X bar(X a) { return a; }

Then when executing the following Code:

std::cout << "foo:\n";
X x{ 55 };
std::cout << "a: ";
X && a = foo(std::move(x)); // fine
std::cout << "\nb: ";
X && b = foo(X(x)); // !! dangling RV is not prvalue but xvalue
std::cout << "\nc: ";
X c = foo(std::move(x)); // fine, copy
std::cout << "\nd: ";
X d = foo(X(x)); // fine
std::cout << "\ne: ";
X && e = foo(X{ 12 }); // !! dangling...
std::cout << "\nf: ";
X f = foo(X{ 12 }); // fine

std::cout << "\n\nbar:\n";
X y{ 55 };
std::cout << "a: ";
X && q = bar(std::move(y)); // fine
std::cout << "\nb: ";
X && r = bar(y); // no explict copy required, supported by syntax
std::cout << "\nc: ";
X s = bar(std::move(y)); // fine
std::cout << "\nd: ";
X t = bar(y); // fine, no explict copy required either
std::cout << "\ne: ";
X && u = bar(X{ 12 }); // fine
std::cout << "\nf: ";
X v = bar(X{ 12 }); // fine
std::cout << "\n";

we obtain

foo:
a:
b: copy X...
c: move X...
d: copy X...move X...
e:
f: move X...

bar :
a: move X...move X...
b: copy X...move X...
c: move X...move X...
d: copy X...move X...
e: move X...
f: move X...

on VS 2015 and g++ 5.2.

So the only copies made (with bar) are in cases b and d, which is the desired behaviour anyway but you get rid of the possibly dangling references at the cost of 1-2 moves per operation (which afaik even may be optimized out in some cases as well).

Answer 2

Main question: Is T(x) the right way to force a temporary copy to be created at that point?

Yes

Is T temp = the correct way to make sure the call to merge_QRS in the above code occurs before the call to merge_MNO but otherwise inexpensively forward the temporary from that into the first operand of merge_XYZ?

Yes

If I used T&& temp instead does it end up holding a pointer to modified T(x) after the life of T(x)?

Yes.

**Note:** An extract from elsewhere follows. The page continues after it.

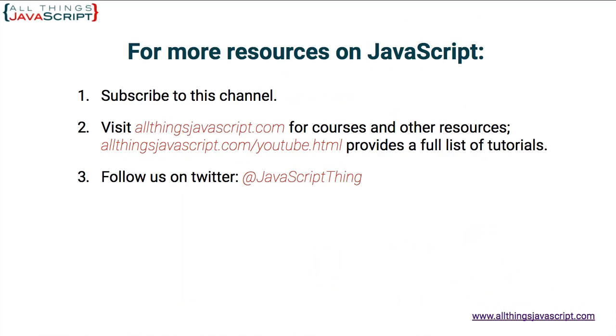If you found this video helpful, go ahead and give it a like. For more resources on JavaScript, you can do one of the following. Click the video link in the center of the screen to access another tutorial right away. You can click the circle link on the left to subscribe to our channel. I release a new tutorial each week. And to visit the All Things JavaScript website for full courses and a complete list of all our tutorials, click the link on the right. Thanks for watching.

That's dangling reference which unfortunately the compiler won't catch.

Is T&& the right return type (as opposed to T) for chaining a lot of these together?

To be honest, it doesn't smell good to me.

You may want to reconsider your data model to be something more standard, i.e.:

T merge(T x, T y)
{
  // do some merging
  return x;
}

Copy-elision and RVO will eliminate any redundant copies. Now you can move items in, pass copies or pass temporaries. There's only one piece of logic to maintain and your code has value-semantics... which is always better (TM).